True lack of response to aspirin is rare. Rather, the observed high on-treatment platelet reactivity can result from a number of factors. Several studies have attempted to estimate the incidence of poor response to aspirin; reports identify anywhere between 0.4 and 83.3% of patients with cardiovascular disease as being poor responders.22 This wide range has been attributed to a number of differences in study design, with variations in study populations, definitions of aspirin non-responsiveness, the specific platelet function assay used, dosing regimens and patient compliance to therapy.23,24 Platelet turnover is biologically dynamic such that 10% of the platelet pool is replenished on a daily basis. This, in combination with the fact that the half-life of aspirin is quite short at 15–20 minutes, means not only that repeat daily dosing of low-dose aspirin can fully inhibit platelet COX-1, but also that the magnitude of platelet function can greatly vary depending on the timing of the assay relative to when a patient takes his or her aspirin. Other studies have reported that the prevalence of poor response to aspirin is higher among women25,26 and also increases with age.26,27 Genetic factors may also play a role:28,29 several genetic polymorphisms have been implicated as having an influence on aspirin response and poor prognosis.30–37 However, the degree of corroborating evidence appears to vary substantially according to the polymorphism in question.

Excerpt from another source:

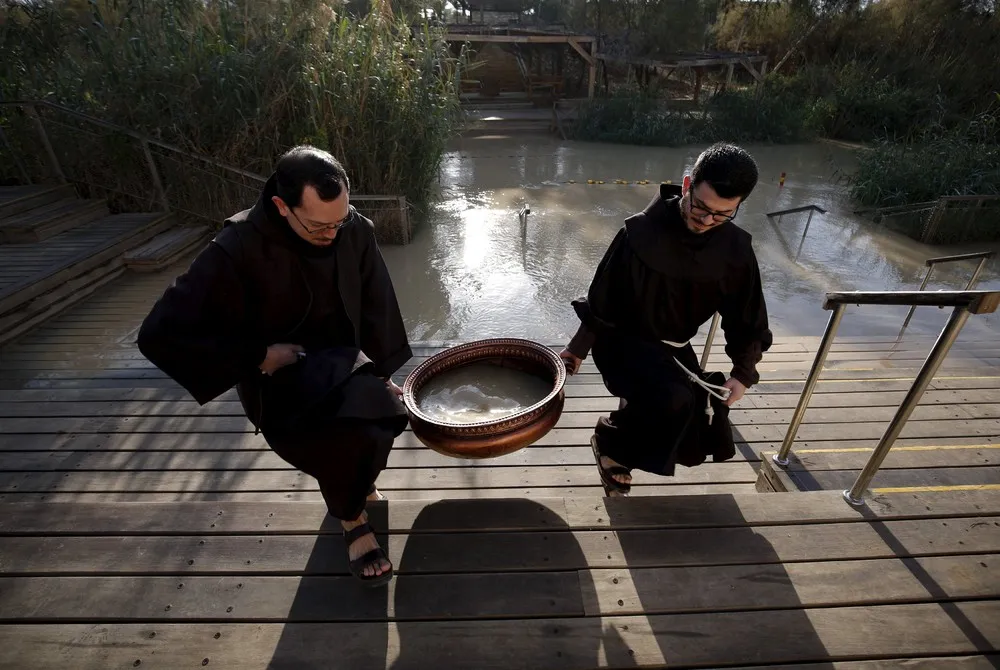 The Day in Photos – January 11, 2016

The clinical consequences of aspirin non-response are unclear, and any data linking this to clinical outcome are weak. Small studies have suggested that patients with poor response, as determined by platelet function tests, are at an increased risk of major atherothrombotic events.16,25,38–40 None of the platelet function assays used in these studies was specific for COX-1, which could lead to poor assessment of aspirin efficacy.41 Recent data from a prospective study suggest that poor clinical outcomes in patients receiving aspirin therapy can be attributed to multiple mechanisms, including but not confined to inadequate inhibition of COX-1.42 Using clinical outcomes information at a mean of 25 months after platelet function testing, COX-1-dependent and -independent assays of platelet function were found to correlate with the occurrence of subsequent cardiovascular events (cardiovascular death, myocardial infarction [MI], revascularisation-related hospitalisation or ACS). By contrast, no such correlation was found with indirect measures of platelet COX-1. Additionally, many of the aforementioned studies16,25,39,40 did not thoroughly address treatment compliance, which is proposed to be a major cause of poor pharmacological response to aspirin.43–46 Upper gastrointestinal side effects associated with aspirin therapy have been shown to negatively affect compliance, with 12% of patients adopting irregular use of aspirin owing to bothersome upper gastrointestinal symptoms.47 This may also account for the poor biological response observed. The inability to verify a patient’s adherence to aspirin therapy presents potential for the use of platelet function assays to determine platelet reactivity to aspirin.
Clopidogrel
The thienopyridine derivative clopidogrel, being a prodrug, requires transformation to an active metabolite through the hepatic cytochrome P450 (CYP) system, and then irreversibly inhibits the P2Y12 receptor and restricts platelet activation. The mechanisms leading to high on-clopidogrel platelet reactivity are not clear, but, similar to poor response to aspirin, are multifactorial. Carriers of polymorphisms in genes encoding for the two-step process oxidising clopidogrel from prodrug to active metabolite have demonstrated diminished responses to the drug’s antiplatelet effects.48–51
In particular, the loss of function due to the CYP2C19*2 polymorphism inactivates the enzyme and impairs metabolism of clopidogrel, ultimately leading to high on-clopidogrel platelet reactivity. This polymorphism is present in an estimated 30% of the general Caucasian population and is associated with increased rates of major cardiovascular events; for example, the rate of stent thrombosis is three to six times greater among carriers than non- carriers of the CYP2C19*2 variant.52–54 Perhaps more importantly, recent data from the Clopidogrel for High Atherothrombotic Risk and Ischemic Stabilization Management (CHARISMA) sub-study show that patients homozygous for CYP2C19*2 were at high risk of atherothrombotic events regardless of whether they were taking clopidogrel or placebo, although the risk was not statistically significant for the placebo group.55 This corresponds with previous studies in which certain genes have been linked to pre-existing variability in platelet function, independent of clopidogrel use.56 Such information has prompted much discussion concerning the role of this allele in drug metabolism and cardiovascular risk.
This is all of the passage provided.